[Stored dataset items]
********
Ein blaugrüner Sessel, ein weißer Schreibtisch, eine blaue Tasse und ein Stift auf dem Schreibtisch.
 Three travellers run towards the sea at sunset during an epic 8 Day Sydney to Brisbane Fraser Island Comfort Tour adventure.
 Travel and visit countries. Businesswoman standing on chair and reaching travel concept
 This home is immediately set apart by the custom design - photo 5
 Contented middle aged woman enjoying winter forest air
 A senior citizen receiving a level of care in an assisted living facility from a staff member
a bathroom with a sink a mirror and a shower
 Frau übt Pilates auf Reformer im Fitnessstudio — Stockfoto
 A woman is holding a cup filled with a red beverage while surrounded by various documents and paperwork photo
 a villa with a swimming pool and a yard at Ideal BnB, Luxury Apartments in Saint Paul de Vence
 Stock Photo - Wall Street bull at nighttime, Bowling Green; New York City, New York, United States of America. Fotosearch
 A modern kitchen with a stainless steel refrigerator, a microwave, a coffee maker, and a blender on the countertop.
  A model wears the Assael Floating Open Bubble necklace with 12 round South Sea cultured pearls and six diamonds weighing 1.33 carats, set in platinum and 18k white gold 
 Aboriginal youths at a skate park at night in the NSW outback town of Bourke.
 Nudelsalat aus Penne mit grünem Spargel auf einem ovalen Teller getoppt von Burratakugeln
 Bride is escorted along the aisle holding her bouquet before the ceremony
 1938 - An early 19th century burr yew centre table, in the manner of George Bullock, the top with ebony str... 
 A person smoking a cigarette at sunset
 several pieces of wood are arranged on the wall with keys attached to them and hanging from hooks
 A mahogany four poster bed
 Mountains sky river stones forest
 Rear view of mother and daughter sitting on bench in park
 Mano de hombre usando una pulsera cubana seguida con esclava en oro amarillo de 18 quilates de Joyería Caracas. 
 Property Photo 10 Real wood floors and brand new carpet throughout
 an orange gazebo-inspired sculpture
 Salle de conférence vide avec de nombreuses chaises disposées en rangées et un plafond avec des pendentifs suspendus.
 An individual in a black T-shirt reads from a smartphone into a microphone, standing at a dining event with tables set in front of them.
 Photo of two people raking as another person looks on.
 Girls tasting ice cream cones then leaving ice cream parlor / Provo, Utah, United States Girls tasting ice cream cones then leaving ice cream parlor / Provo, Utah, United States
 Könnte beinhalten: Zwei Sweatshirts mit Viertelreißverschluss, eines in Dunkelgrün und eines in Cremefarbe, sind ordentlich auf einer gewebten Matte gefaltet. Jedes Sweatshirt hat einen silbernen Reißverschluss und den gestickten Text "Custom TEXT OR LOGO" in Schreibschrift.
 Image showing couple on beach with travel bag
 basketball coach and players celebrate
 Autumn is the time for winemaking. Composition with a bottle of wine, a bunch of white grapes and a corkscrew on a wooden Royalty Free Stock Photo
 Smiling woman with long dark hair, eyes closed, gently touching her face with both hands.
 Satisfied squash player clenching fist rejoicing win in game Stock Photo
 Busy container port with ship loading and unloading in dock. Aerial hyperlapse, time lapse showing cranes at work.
********
■ WHAT TO DO ■
Reproduce every line of the data without changing a word.

■ OUTPUT BELOW ■
Ein blaugrüner Sessel, ein weißer Schreibtisch, eine blaue Tasse und ein Stift auf dem Schreibtisch.
 Three travellers run towards the sea at sunset during an epic 8 Day Sydney to Brisbane Fraser Island Comfort Tour adventure.
 Travel and visit countries. Businesswoman standing on chair and reaching travel concept
 This home is immediately set apart by the custom design - photo 5
 Contented middle aged woman enjoying winter forest air
 A senior citizen receiving a level of care in an assisted living facility from a staff member
a bathroom with a sink a mirror and a shower
 Frau übt Pilates auf Reformer im Fitnessstudio — Stockfoto
 A woman is holding a cup filled with a red beverage while surrounded by various documents and paperwork photo
 a villa with a swimming pool and a yard at Ideal BnB, Luxury Apartments in Saint Paul de Vence
 Stock Photo - Wall Street bull at nighttime, Bowling Green; New York City, New York, United States of America. Fotosearch
 A modern kitchen with a stainless steel refrigerator, a microwave, a coffee maker, and a blender on the countertop.
  A model wears the Assael Floating Open Bubble necklace with 12 round South Sea cultured pearls and six diamonds weighing 1.33 carats, set in platinum and 18k white gold 
 Aboriginal youths at a skate park at night in the NSW outback town of Bourke.
 Nudelsalat aus Penne mit grünem Spargel auf einem ovalen Teller getoppt von Burratakugeln
 Bride is escorted along the aisle holding her bouquet before the ceremony
 1938 - An early 19th century burr yew centre table, in the manner of George Bullock, the top with ebony str... 
 A person smoking a cigarette at sunset
 several pieces of wood are arranged on the wall with keys attached to them and hanging from hooks
 A mahogany four poster bed
 Mountains sky river stones forest
 Rear view of mother and daughter sitting on bench in park
 Mano de hombre usando una pulsera cubana seguida con esclava en oro amarillo de 18 quilates de Joyería Caracas. 
 Property Photo 10 Real wood floors and brand new carpet throughout
 an orange gazebo-inspired sculpture
 Salle de conférence vide avec de nombreuses chaises disposées en rangées et un plafond avec des pendentifs suspendus.
 An individual in a black T-shirt reads from a smartphone into a microphone, standing at a dining event with tables set in front of them.
 Photo of two people raking as another person looks on.
 Girls tasting ice cream cones then leaving ice cream parlor / Provo, Utah, United States Girls tasting ice cream cones then leaving ice cream parlor / Provo, Utah, United States
 Könnte beinhalten: Zwei Sweatshirts mit Viertelreißverschluss, eines in Dunkelgrün und eines in Cremefarbe, sind ordentlich auf einer gewebten Matte gefaltet. Jedes Sweatshirt hat einen silbernen Reißverschluss und den gestickten Text "Custom TEXT OR LOGO" in Schreibschrift.
 Image showing couple on beach with travel bag
 basketball coach and players celebrate
 Autumn is the time for winemaking. Composition with a bottle of wine, a bunch of white grapes and a corkscrew on a wooden Royalty Free Stock Photo
 Smiling woman with long dark hair, eyes closed, gently touching her face with both hands.
 Satisfied squash player clenching fist rejoicing win in game Stock Photo
 Busy container port with ship loading and unloading in dock. Aerial hyperlapse, time lapse showing cranes at work.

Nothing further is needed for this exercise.